**EXERCISE INSTRUCTIONS**
Once the pictures are removed, return each record below exactly as written.

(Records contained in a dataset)
◇ ◇ ◇
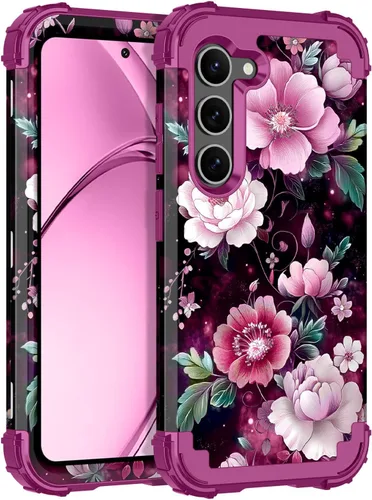 Vista 12 de Rancase para Galaxy S25, Funda de tres capas, protección resistente a los golpes, paraguas de plástico duro + funda protectora de goma de silicona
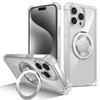 Прозрачное магнитное кольцо для чехлов с беспроводной зарядкой Magsafe для iPhone 15 14 13 12 11 15 Pro Max, противоударный чехол, аксессуары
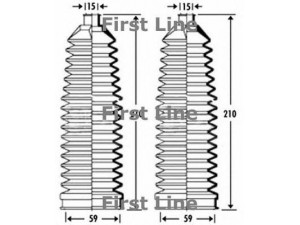 FIRST LINE FSG3274 gofruotoji membrana, vairavimas 
 Vairavimas -> Gofruotoji membrana/sandarinimai
32106765079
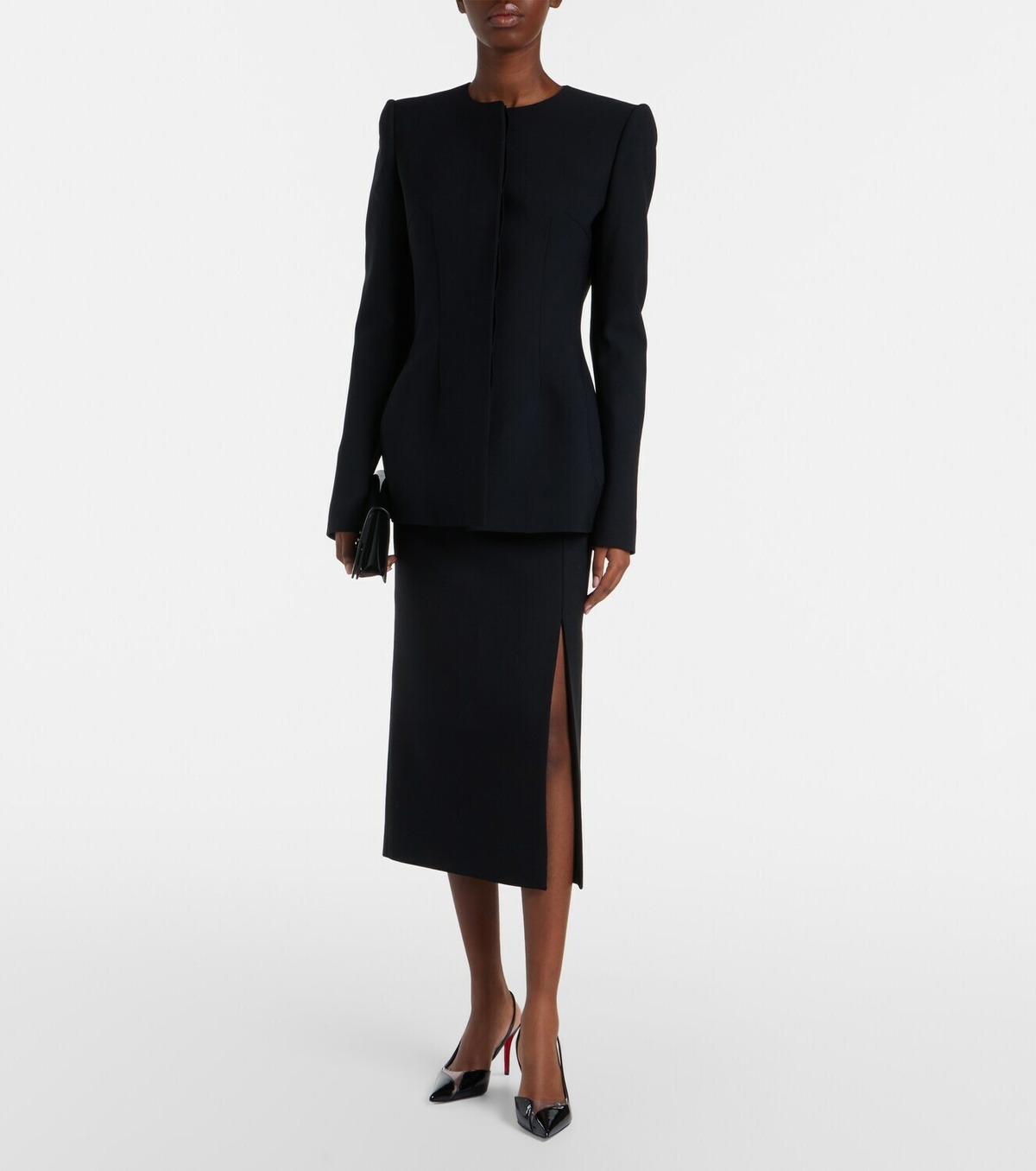 Mugler Cutout pencil skirt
◇ ◇ ◇
**ANSWER TO THE EXERCISE**
 Vista 12 de Rancase para Galaxy S25, Funda de tres capas, protección resistente a los golpes, paraguas de plástico duro + funda protectora de goma de silicona
 Прозрачное магнитное кольцо для чехлов с беспроводной зарядкой Magsafe для iPhone 15 14 13 12 11 15 Pro Max, противоударный чехол, аксессуары
 FIRST LINE FSG3274 gofruotoji membrana, vairavimas 
 Vairavimas -> Gofruotoji membrana/sandarinimai
32106765079
 Mugler Cutout pencil skirt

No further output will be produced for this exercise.